TASK DESCRIPTION >> Retype the entries, please, from their first line to the line containing "Sofá Seccional de", exactly and only those lines, minus the pictures.

Short descriptive text snippets >>
################

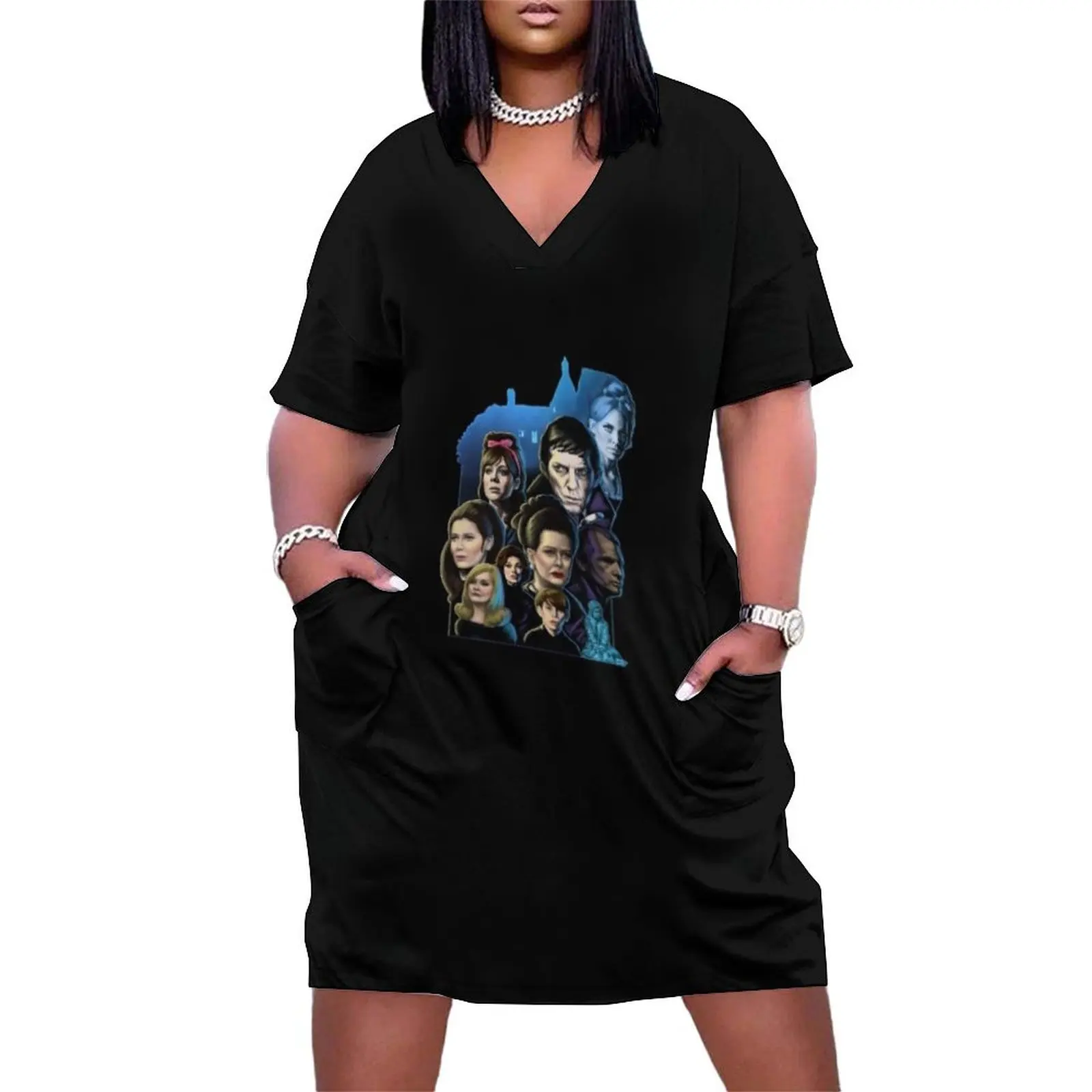 

Dark Shadows T-ShirtDark Shadows Loose Pocket Dress Woman clothes dresses for womens elegant women's dresses sale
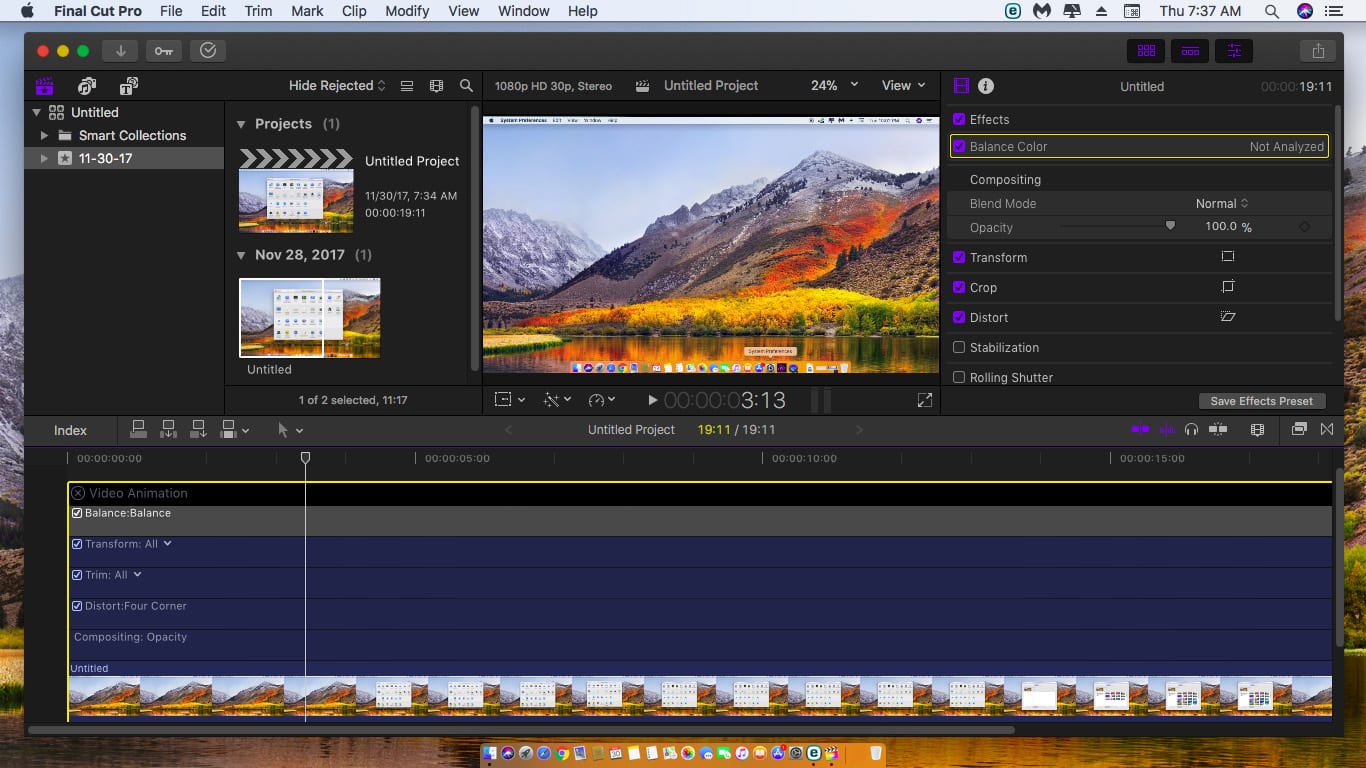 free video editing software for mac 2018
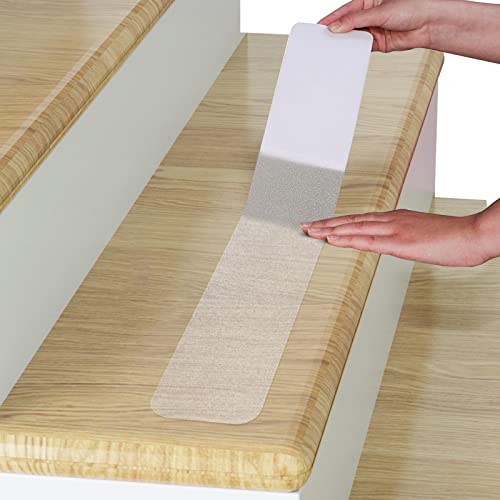 Anti Slip Tape, Waterproof Self Adhesive Transparent 1"x65Ft Grip Tape | Clear Invisible Surface, High Traction Wear Resistant, Ideal for Bathroom, Pool, Stairs, Walkways & Ramps - color: Transparent, size: 1 Inch x 65ft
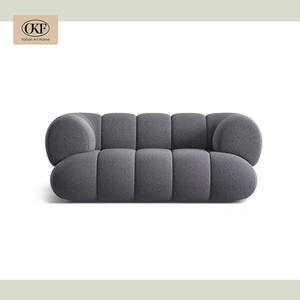 Sofá Seccional de diseño simple y moderno OKF, sillón de salón de tela muy duradero para apartamento o villa para sala de estar - Product Image 6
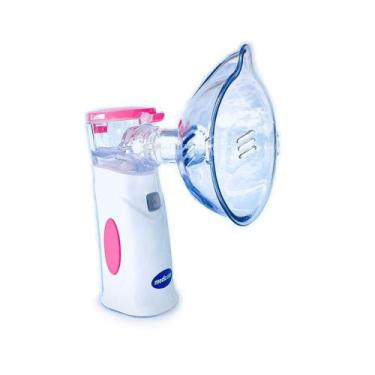 Imagem de Inalador Nebulizador Bateria Recarregável Medicate Rosa
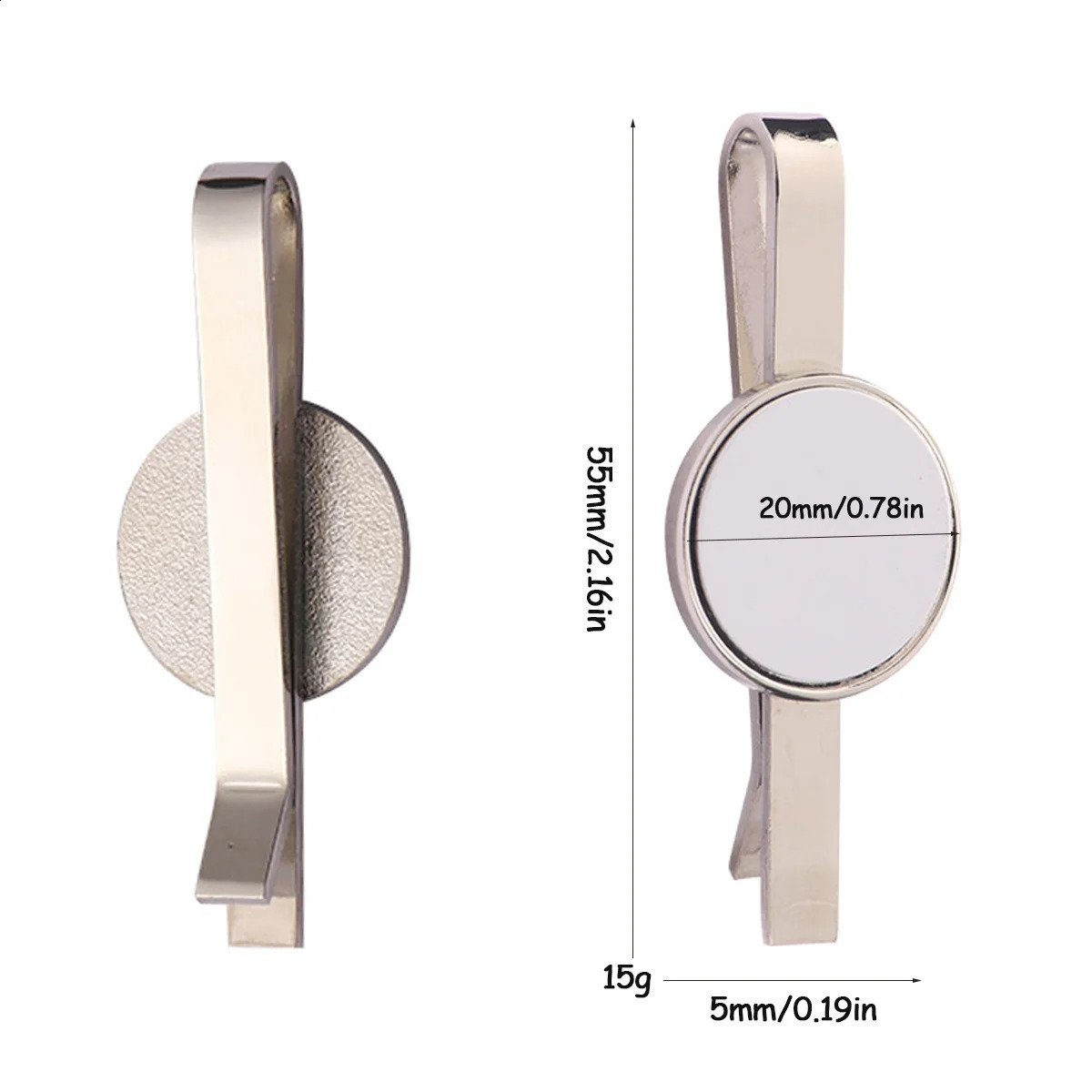 Custom Round Po Tie Clip Personalized Picture Collar Bar Pin Men Business Suit Accessories Gift 260626 - view 4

################

RESULT >>
Dark Shadows T-ShirtDark Shadows Loose Pocket Dress Woman clothes dresses for womens elegant women's dresses sale
 free video editing software for mac 2018
 Anti Slip Tape, Waterproof Self Adhesive Transparent 1"x65Ft Grip Tape | Clear Invisible Surface, High Traction Wear Resistant, Ideal for Bathroom, Pool, Stairs, Walkways & Ramps - color: Transparent, size: 1 Inch x 65ft
 Sofá Seccional de diseño simple y moderno OKF, sillón de salón de tela muy duradero para apartamento o villa para sala de estar - Product Image 6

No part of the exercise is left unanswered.